• EXTRACTED INFORMATION

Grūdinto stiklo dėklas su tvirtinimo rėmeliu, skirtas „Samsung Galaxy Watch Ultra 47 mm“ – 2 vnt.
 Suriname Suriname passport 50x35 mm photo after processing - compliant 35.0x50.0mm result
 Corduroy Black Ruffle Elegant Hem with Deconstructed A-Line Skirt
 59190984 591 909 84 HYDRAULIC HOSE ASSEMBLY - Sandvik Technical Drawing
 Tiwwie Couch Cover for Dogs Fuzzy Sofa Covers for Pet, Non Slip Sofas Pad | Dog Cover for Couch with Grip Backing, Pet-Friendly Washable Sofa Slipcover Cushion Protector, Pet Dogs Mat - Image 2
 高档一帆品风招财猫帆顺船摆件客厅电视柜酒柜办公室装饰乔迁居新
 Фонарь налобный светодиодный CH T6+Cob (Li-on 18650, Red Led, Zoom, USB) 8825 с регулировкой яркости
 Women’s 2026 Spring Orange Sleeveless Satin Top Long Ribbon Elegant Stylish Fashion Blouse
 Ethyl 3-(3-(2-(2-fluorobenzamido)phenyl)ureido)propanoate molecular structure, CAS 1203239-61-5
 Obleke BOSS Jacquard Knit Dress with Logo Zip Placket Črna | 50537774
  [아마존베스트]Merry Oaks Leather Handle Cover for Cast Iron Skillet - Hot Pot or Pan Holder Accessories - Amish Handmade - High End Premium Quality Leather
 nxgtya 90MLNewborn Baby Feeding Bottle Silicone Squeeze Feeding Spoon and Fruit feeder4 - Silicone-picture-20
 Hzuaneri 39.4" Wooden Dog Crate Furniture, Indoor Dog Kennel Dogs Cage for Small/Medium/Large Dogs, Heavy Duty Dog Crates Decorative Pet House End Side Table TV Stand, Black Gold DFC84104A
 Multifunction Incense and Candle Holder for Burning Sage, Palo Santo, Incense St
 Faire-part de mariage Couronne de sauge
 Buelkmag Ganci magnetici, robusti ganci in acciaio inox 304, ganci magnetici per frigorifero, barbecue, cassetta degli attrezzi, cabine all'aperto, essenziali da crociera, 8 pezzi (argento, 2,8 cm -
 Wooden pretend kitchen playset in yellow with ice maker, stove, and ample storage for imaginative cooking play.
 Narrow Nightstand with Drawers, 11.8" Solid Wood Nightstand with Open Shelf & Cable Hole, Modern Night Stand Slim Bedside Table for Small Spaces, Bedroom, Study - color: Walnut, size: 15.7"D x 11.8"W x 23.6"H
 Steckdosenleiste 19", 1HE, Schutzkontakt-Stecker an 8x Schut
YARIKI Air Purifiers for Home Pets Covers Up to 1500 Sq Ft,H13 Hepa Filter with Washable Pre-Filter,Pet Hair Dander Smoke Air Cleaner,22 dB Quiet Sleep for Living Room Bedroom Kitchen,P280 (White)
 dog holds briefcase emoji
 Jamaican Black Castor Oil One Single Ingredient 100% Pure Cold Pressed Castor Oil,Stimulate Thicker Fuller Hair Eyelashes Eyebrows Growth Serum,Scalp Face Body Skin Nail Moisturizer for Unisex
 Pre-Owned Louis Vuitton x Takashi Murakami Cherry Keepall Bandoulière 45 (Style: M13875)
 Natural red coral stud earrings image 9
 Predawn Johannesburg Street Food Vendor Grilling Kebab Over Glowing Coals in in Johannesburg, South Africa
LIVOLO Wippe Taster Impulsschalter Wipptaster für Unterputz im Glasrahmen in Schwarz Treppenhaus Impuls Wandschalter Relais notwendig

• PROBLEM STATEMENT
Some lines contain the word "Table". Pull each one out of the listing.

• EXERCISE SOLUTION
 Hzuaneri 39.4" Wooden Dog Crate Furniture, Indoor Dog Kennel Dogs Cage for Small/Medium/Large Dogs, Heavy Duty Dog Crates Decorative Pet House End Side Table TV Stand, Black Gold DFC84104A
 Narrow Nightstand with Drawers, 11.8" Solid Wood Nightstand with Open Shelf & Cable Hole, Modern Night Stand Slim Bedside Table for Small Spaces, Bedroom, Study - color: Walnut, size: 15.7"D x 11.8"W x 23.6"H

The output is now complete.